The first rulings in a pair of landmark cases at the International Court of Justice – with Armenia suing Azerbaijan for inciting racial hatred and abusing prisoners of war and Azerbaijan’s countersuit on anti-Azeri racism in Armenia – have largely gone in favour of Yerevan.
On December 7, in the first case (Armenia vs Azerbaijan), judges at the ICJ examining Armenian allegations that Azerbaijan breached a convention against racial discrimination ordered Azerbaijan to prevent incitement of racial hatred against Armenians and protect Armenian prisoners of war.
The statement included a demand that Azerbaijan must "take all necessary measures to prevent the incitement and promotion of racial hatred and discrimination including by its officials in public institutions targeted at persons of Armenian national or ethnic origin".
Presiding judge Joan Donoghue said Azerbaijan must protect from violence and harm "all persons captured in relation to the 2020 conflict who remain in detention" and must "prevent and punish acts of vandalism and desecration affecting Armenian cultural heritage".

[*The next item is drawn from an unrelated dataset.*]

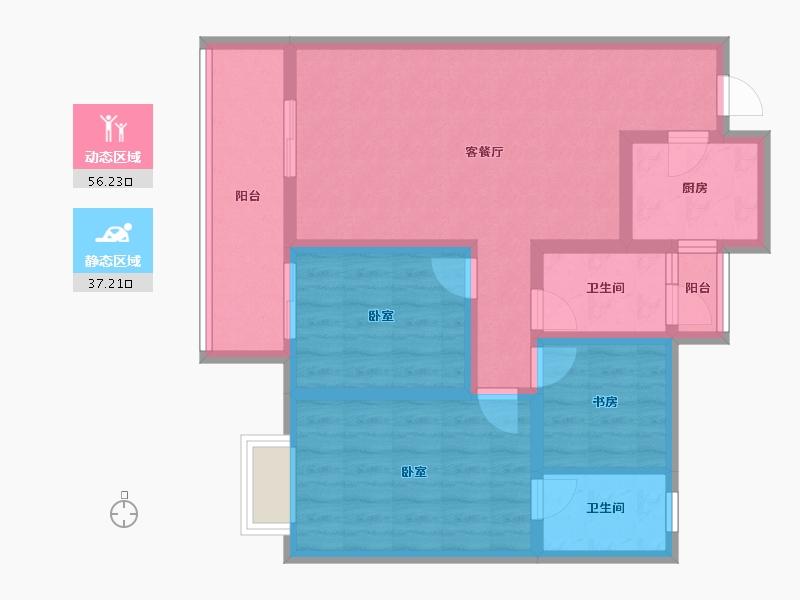 甘肃省-陇南市-华昌江南府-82.25-户型库-动静分区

The same day, in the second case (Azerbaijan vs Armenia), the first rulings were also issued. In the court statement, the ICJ ordered Armenia to “take all necessary measures to prevent the incitement and promotion of racial hatred, including by organizations and private persons in its territory, targeted at persons of Azerbaijani national or ethnic origin”. As for another Azerbaijani request, regarding a call to prevent Armenia destroying evidence of ethnically motivated crimes against Azerbaijanis, the court found these measures “are not warranted”.
Analyzing the outcomes of the two initial rulings, human rights lawyer Gabriel Armas-Cardona that regarding the protection of Armenian cultural sites, the ICJ “gave Armenia everything it asked for”. For the second suit, meanwhile, Armas-Cardona noted with surprise that Azerbaijan had received “only 1 of its 6 requests” in its ICJ suit, fewer than expected.